La moral de entonces entendía que un beso, un simple beso sin la lascivia que ahora intuimos en el mismo, era causa suficiente para entender mancillada la honra de una mujer. Pensemos que todo este proceso, incluido el beso, sería celebrado en presencia de los familiares más allegados, tanto del novio como de la novia, lo cual imposibilitaba la negación de los hechos acaecidos a la vista de todos. Seguramente ello implicaba el conocimiento por parte de un colectivo aún más amplio, como puede ser el pueblo o incluso la comarca, con lo que todo esto conlleva para la fama de la mujer ya que la del hombre, desgraciadamente, quedaba al margen de este juicio sumarísimo.
Todo esto era pactado, seguramente, con un simple apretón de manos. Ese simbólico, y simple, acto formal era suficiente para que ambas partes quedaran obligadas hasta la conclusión del contrato, que ese era el negocio jurídico que subyace al fin y al cabo. Si cualquiera de las partes eludía sus obligaciones ello implicaba, entre otras cosas, una condena moral y social difícil de asumir por el sujeto pues el deterioro que ocasionaba a su imagen le iba a perseguir de por vida, impidiéndole, en lo sucesivo, realizar cualquier otro negocio por no ser persona de fiar.
Para acabar estas líneas, nada mejor que un pequeño párrafo de una sentencia de nuestro Tribunal Supremo que expresa, perfectamente, el sentir de la jurisprudencia sobre los principios de la buena fe, la confianza legítima y los actos propios.
STS (Sala de lo Contencioso-Administrativo, Sección 6) de 19 abril 2007
“Tanto la doctrina del Tribunal Constitucional como la Jurisprudencia de este Alto Tribunal considera que el principio de buena fe protege la confianza que fundadamente se puede haber depositado en el comportamiento ajeno e impone el deber de coherencia en el comportamiento propio. Lo que es tanto como decir que dicho principio implica la exigencia de un deber de comportamiento que consiste en la necesidad de observar de cara al futuro la conducta que los actos anteriores hacían prever y aceptar las consecuencias vinculantes que se desprenden de los propios actos, constituyendo un supuesto de lesión a la confianza legítima de las partes "venire contra factum propium".

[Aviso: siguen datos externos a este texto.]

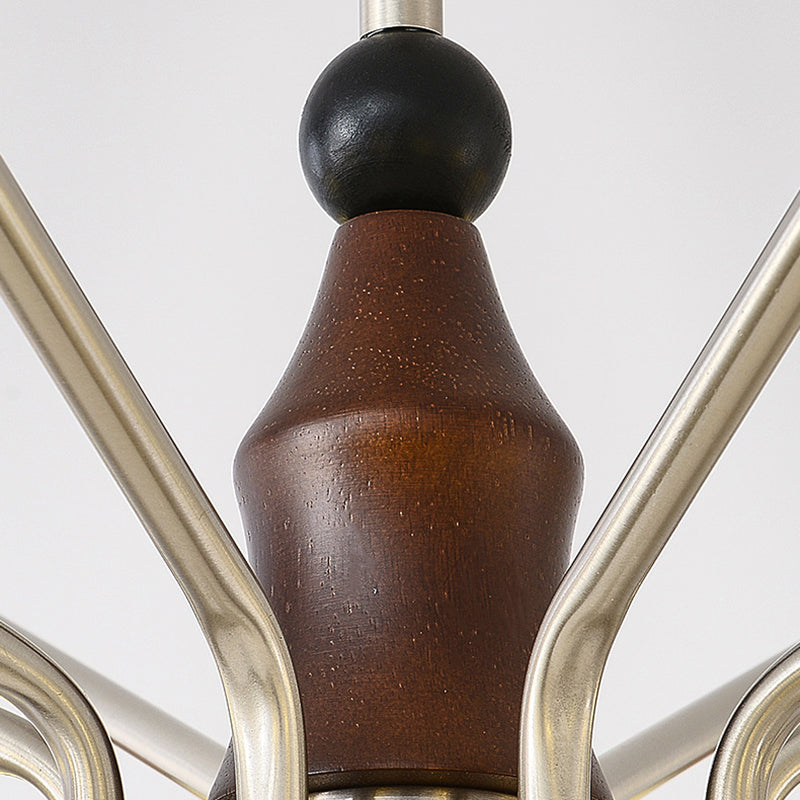 Contemporary Coastal Iron Wood Glass Cone 6/8-Light Chandelier For Living Room And Bedroom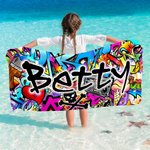 Personalisierte Graffiti Design überdimensioniert schnell trocknen Strand Handtuch mit Namen Strand Party Geburtstag Geschenk für Kinder Graffiti-Liebhaber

Entiendo que es legítimo, e incluso saludable, que el ser humano, a lo largo de su vida, cambie de opinión con respecto a una misma cosa pues sus conocimientos, y sus circunstancias, varían con el tiempo. Lo que no se puede es defender, en un corto espacio temporal, una cosa y su contraria. En lo que a valores se refiere, o al menos respecto a los valores mencionados, creo que todo está inventado solo nos falta llevarlos a la práctica.